***** RECORDS FOR PROCESSING *****

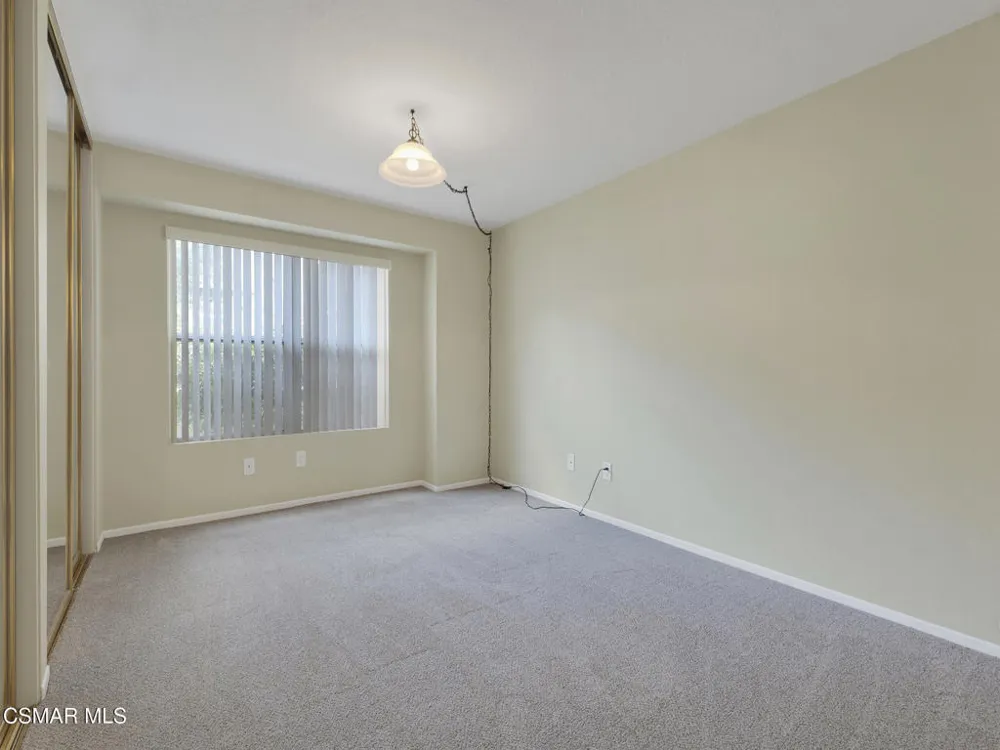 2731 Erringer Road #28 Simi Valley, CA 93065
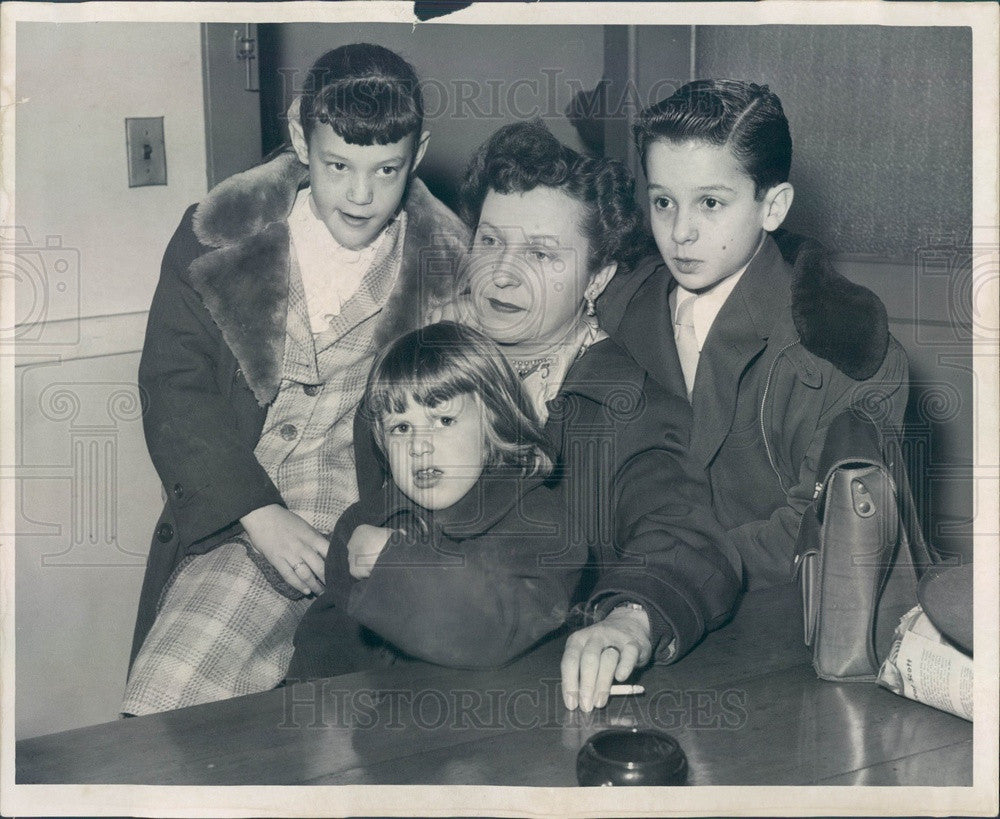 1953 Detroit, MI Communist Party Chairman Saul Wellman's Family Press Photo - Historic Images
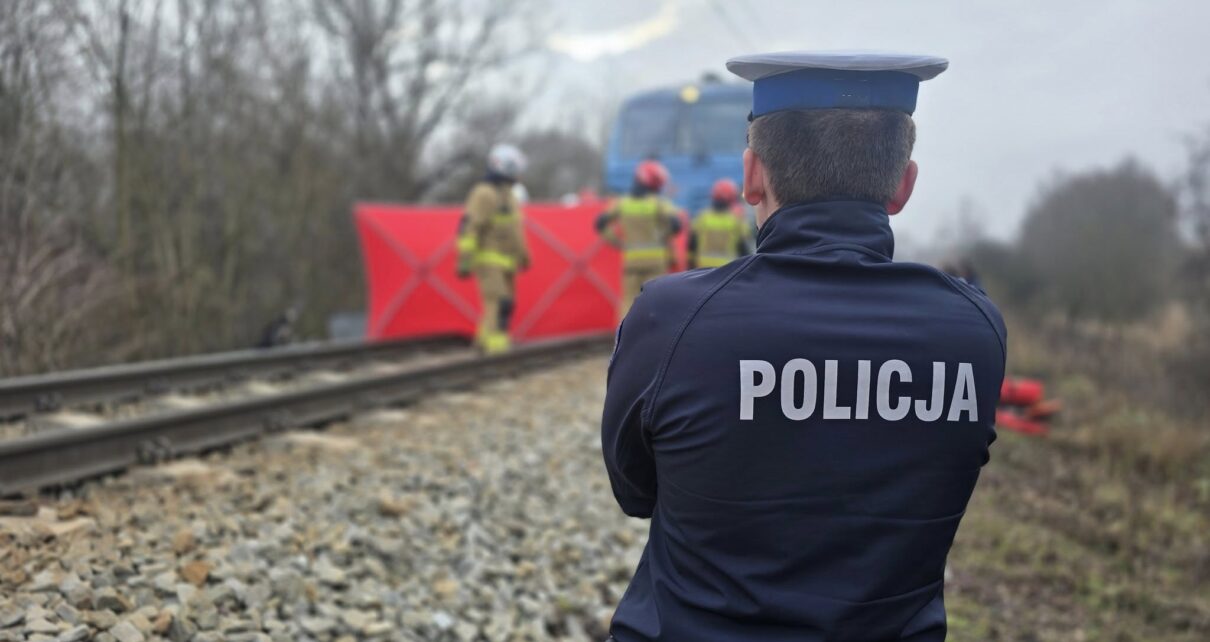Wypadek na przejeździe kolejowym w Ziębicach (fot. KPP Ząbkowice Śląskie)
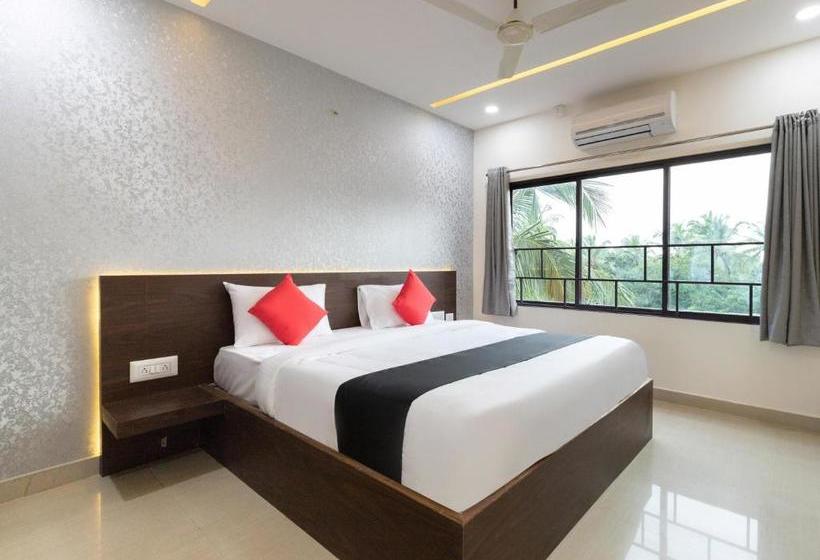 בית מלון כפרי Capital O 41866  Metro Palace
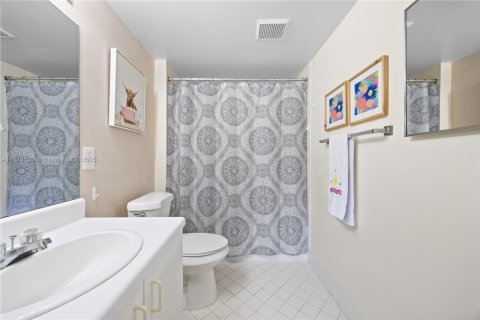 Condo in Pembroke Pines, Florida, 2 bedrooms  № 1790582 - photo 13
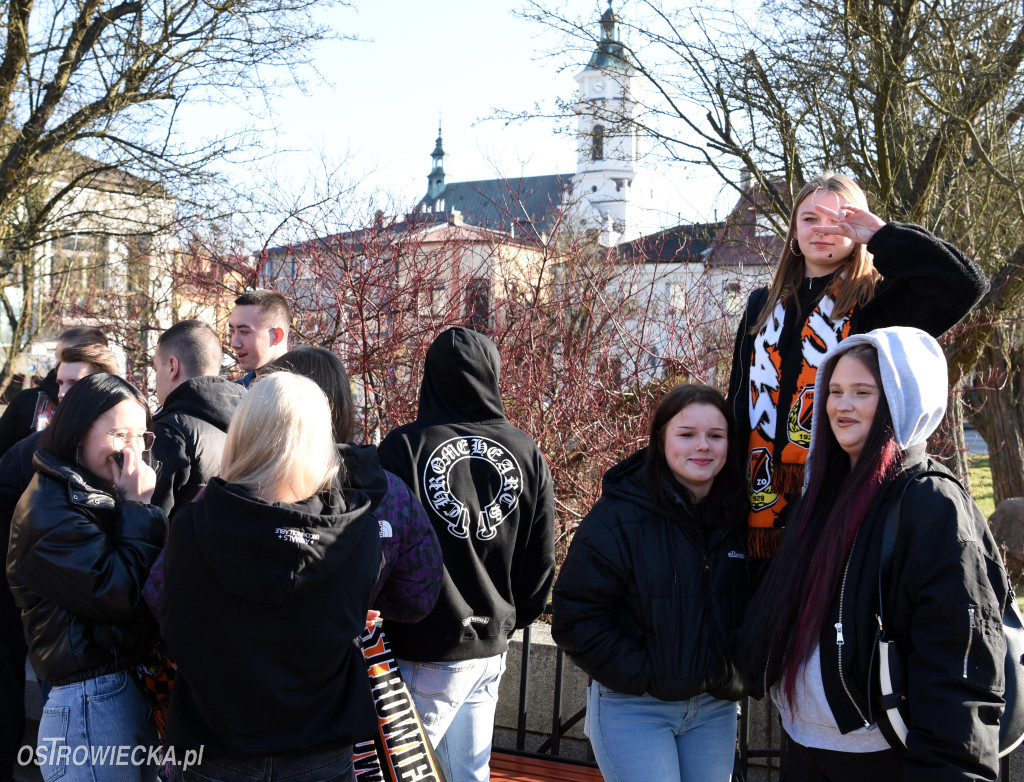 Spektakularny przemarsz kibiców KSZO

*****

• TASK INSTRUCTIONS: Using the records above, reproduce exactly the lines from the line containing "בית מלון כפרי" through the last line, with both ends kept and no pictures.

• EXERCISE RESULT:
 בית מלון כפרי Capital O 41866  Metro Palace
 Condo in Pembroke Pines, Florida, 2 bedrooms  № 1790582 - photo 13
 Spektakularny przemarsz kibiców KSZO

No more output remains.